The Optio E30 has a 7MP sensor with a 3x zoom, equivalent to 36-108mm. Having a fairly limited ISO range of 80 to 400 means that the flash is sometimes necessary even in outdoor, daylight conditions. There are 15 program modes to choose from and we would recommend choosing the mode carefully because in ‘auto’ mode the camera is slow to shoot moving subjects; swapping to ‘Sports’ mode helps to resolve this.
The design of the camera is good and it ergonomically fits into your hand with all the buttons on the rear controllable with your thumb. The body is plastic, but looks attractive and the camera is small enough to fit into a pocket. The 2.5in LCD is hard to view in bright light, which can be limiting when shooting or reviewing images. The camera runs on AA batteries, which die quicker than Lithium-ion cells, but can be useful when travelling because they are easier to replace.

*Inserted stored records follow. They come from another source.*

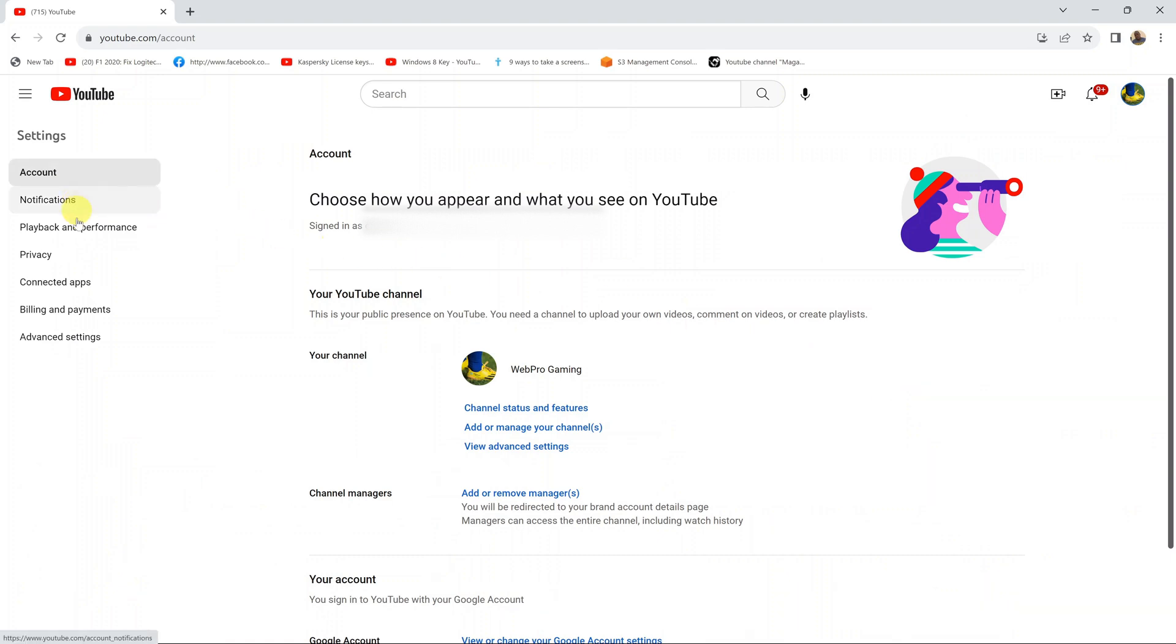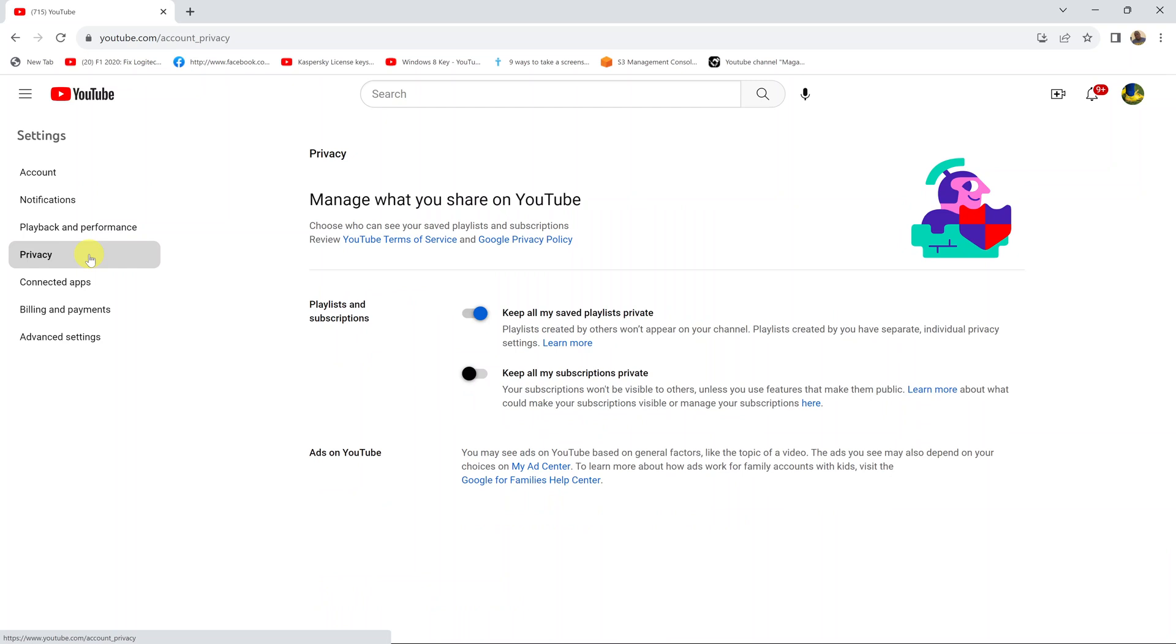Now go to the left-hand side panel and click on Privacy. Under Privacy, you should see the option to keep all my subscriptions private. Go ahead and click on that toggle button to enable that option so that your subscriptions are kept private.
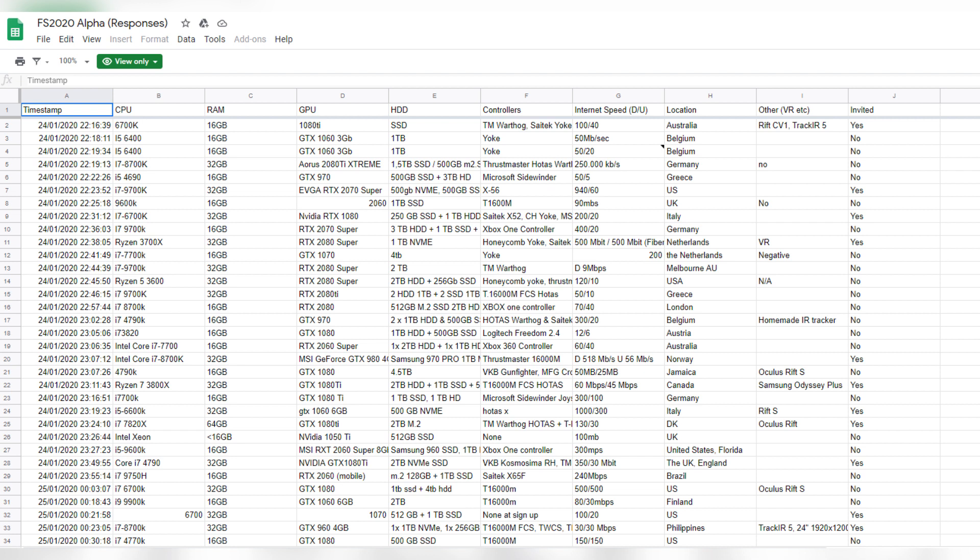If you're still curious and you want to know the types of PCs that are being accepted into the alpha, there's a very good spreadsheet linked over on the reddit subforum. There's a link also below to this spreadsheet. You can see it on screen right here. Essentially what you can do is check out your chances of getting invited by checking out the hardware that other people have and whether or not they actually got in.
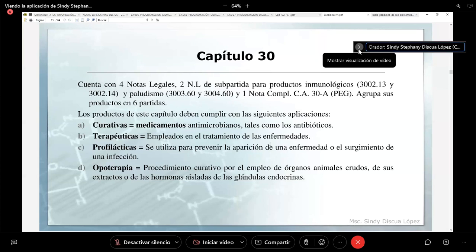Hay productos que son opoterápicos. Estos productos opoterápicos vamos a tener la referencia del capítulo 2, cuando hablábamos de los despojos y los órganos y sustancias de los animales que se utilizaban para fines médicos. Estos órganos y glándulas de animales, para poder estar clasificados en este capítulo 30, se nos solicita que se presenten secos y acondicionados para esa finalidad.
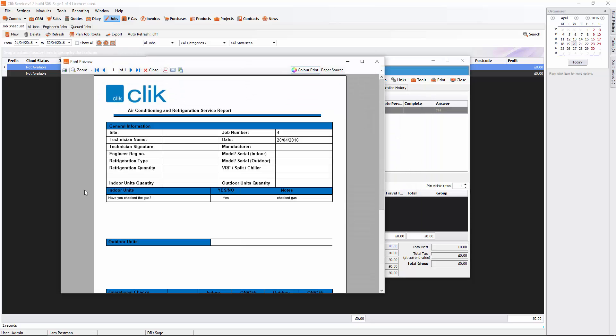So now you'll see, you've got your action list in there. Have you checked the gas? Yes. Notes. Check gas. Now that is how you apply action lists to your template. Thank you very much for listening.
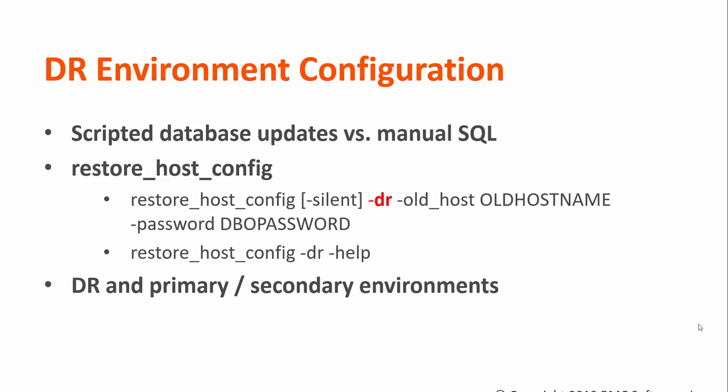To start Enterprise Manager on the DR host, updating the database to use the proper hostname is made easier by using the Control-M utility restore_host_config rather than performing manual database updates.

Exposures vary in consistency and the camera’s metering system is fooled on occasions. Images generally turn out with a little more contrast than usual, even more so in brighter conditions. Noise is present, but you would have no problem printing an ISO 200 image to A4. There is some lens distortion at both ends of the zoom range, as well as a little colour fringing, but the auto white balance is accurate.
The Pentax Optio E30 is a good budget option, but in this case you get what you pay for. You may soon want to upgrade to another model from the range.